_ABOUT THIS TASK:_
Starting at the line below that contains "Thanks for watching" and ending at the line that contains "Like what you", retype each line exactly as it stands, but omit the pictures.
***** DATA FOR REVIEW
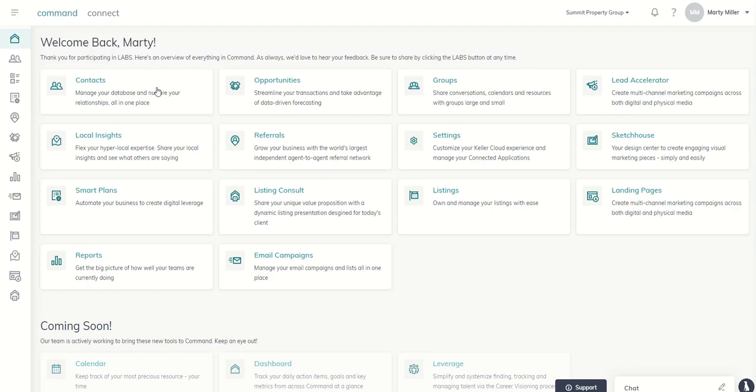Good morning, Keller Williams, and welcome to the Command 66-Day Challenge 2.0, Day 1.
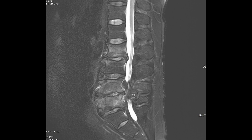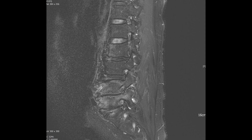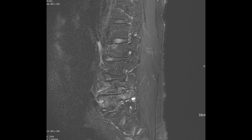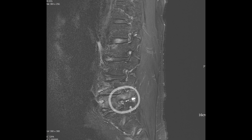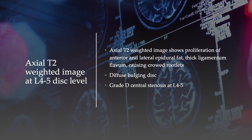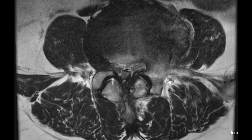Additionally, there's notable high signal intensity within the L4-5 and L5-S1 discs. Another key observation is the pronounced proliferation of fat within the anterior epidural space, spanning from the L4 body level down to the S1 level, leading to a narrowed thecal sac. The left perisagittal and far lateral images further unveil high signal intensity within the bone marrow of L4 and L5 bodies and the L5 pedicle. Significant foraminal stenosis at L4-5 and moderate foraminal stenosis at L5-S1 are evident. Upon reviewing the axial T2-weighted image at the L4-5 disc level, there is an increase in both anterior and lateral epidural fat. Combined with a thickened ligamentum flavum, it results in crowded nerve rootlets. Additionally, there's observable diffuse disc bulging and grade D severe central stenosis at the L4-5 level.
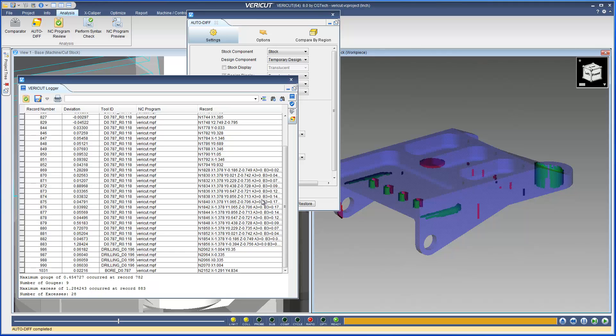And that's it. For more information on the VeriCut logger, see the VeriCut help.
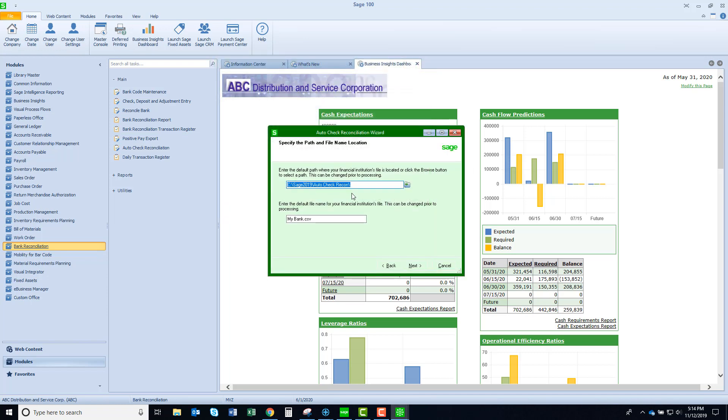Let's come here. This is where I set up the path for the file, and this happens to be the file name that I'm going to use. You can use the same file name over and over, or if you choose, at the time that you run the auto check reconciliation, you can select the file to import.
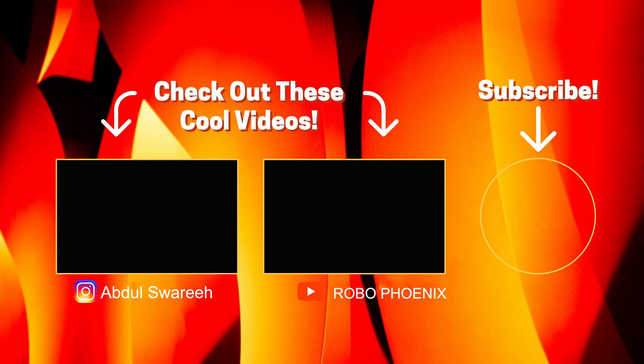Thanks for watching guys. If you are new here, please consider subscribing. Also like, share, and comment on this video. Until the next video. Goodbye.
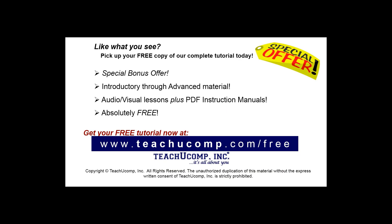Like what you see? Pick up your free copy of the complete tutorial at www.teachyoucomp.com forward slash free.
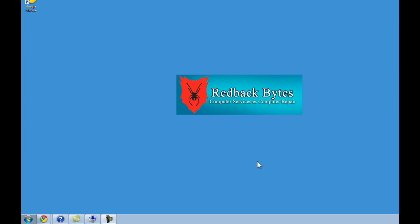Hello, it's Tim here from Redback Bytes. Sorry to hear you're still having troubles with your laptop. If you wouldn't mind just going through this quick tutorial and making sure that it is connected correctly, that'd be great.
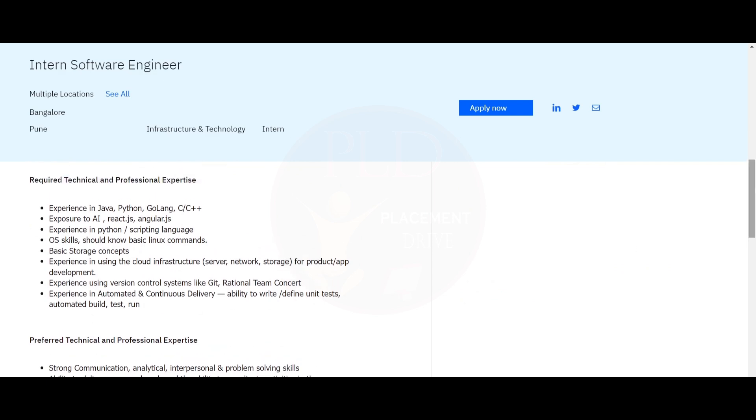The required technical and professional expertise includes experience in Java, Python, Golang, C or C++, and exposure to AI, React JS, Angular JS, and experience in Python or scripting languages.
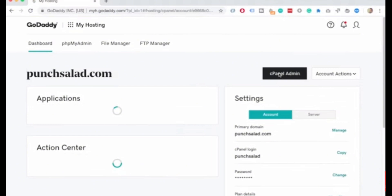In this way you can easily find your cPanel username and password in GoDaddy website.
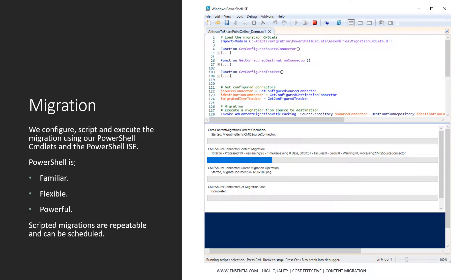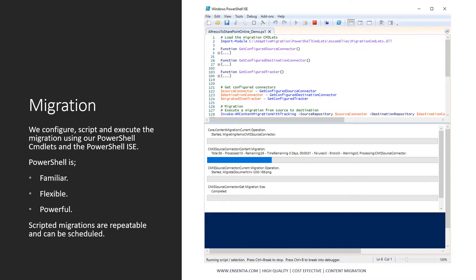Migration. We configure, script and execute the migration using our PowerShell cmdlets and the PowerShell integrated scripting environment. PowerShell is familiar, flexible, powerful. Scripted migrations are repeatable and can be scheduled.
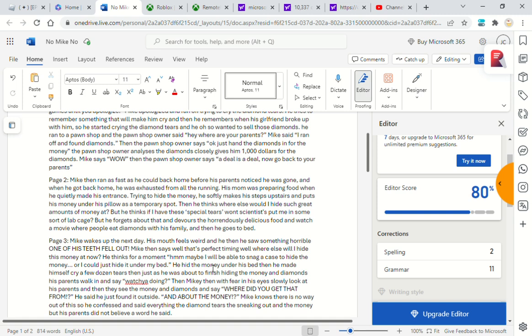But just as he was about to finish hiding the money and diamonds, his parents walk in and say, 'What you doing?' Then Mikey, with fear in his eyes, slowly look at his parents. Then they see the money and diamonds. They said, 'Where did you get that from?' He said he just found it outside. 'And about the money?' Mike knows there is no way out of this.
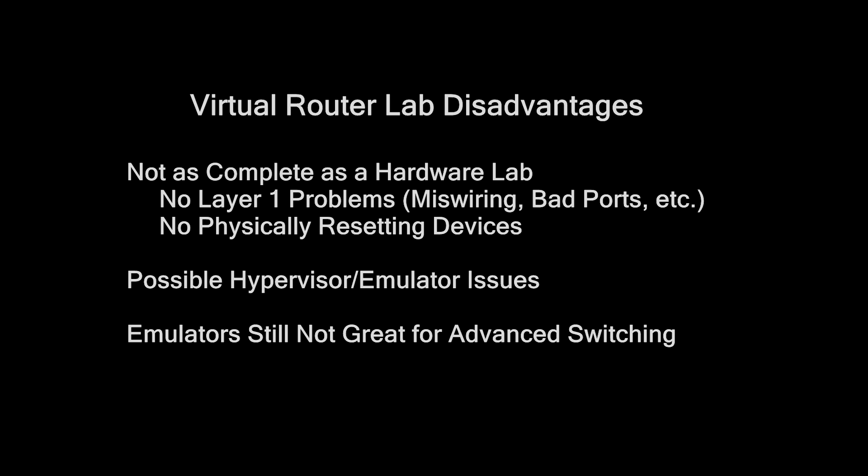emulators and virtual machines are still very, very bad at switching. VMs are really good at layer 3. They're terrible at anything layer 2 or below, and specifically for networking, this is because hardware switches rely a lot on ASICs, which are hardware components, and you cannot effectively emulate them in software. If you're serious about studying advanced switching, I would still recommend getting some hardware switches. You can even tie them into your emulator.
**********
_OUTPUT BELOW:_
Thanks for watching guys. If you are new here, please consider subscribing. Also like, share, and comment on this video. Until the next video. Goodbye.
Like what you see? Pick up your free copy of the complete tutorial at www.teachyoucomp.com forward slash free.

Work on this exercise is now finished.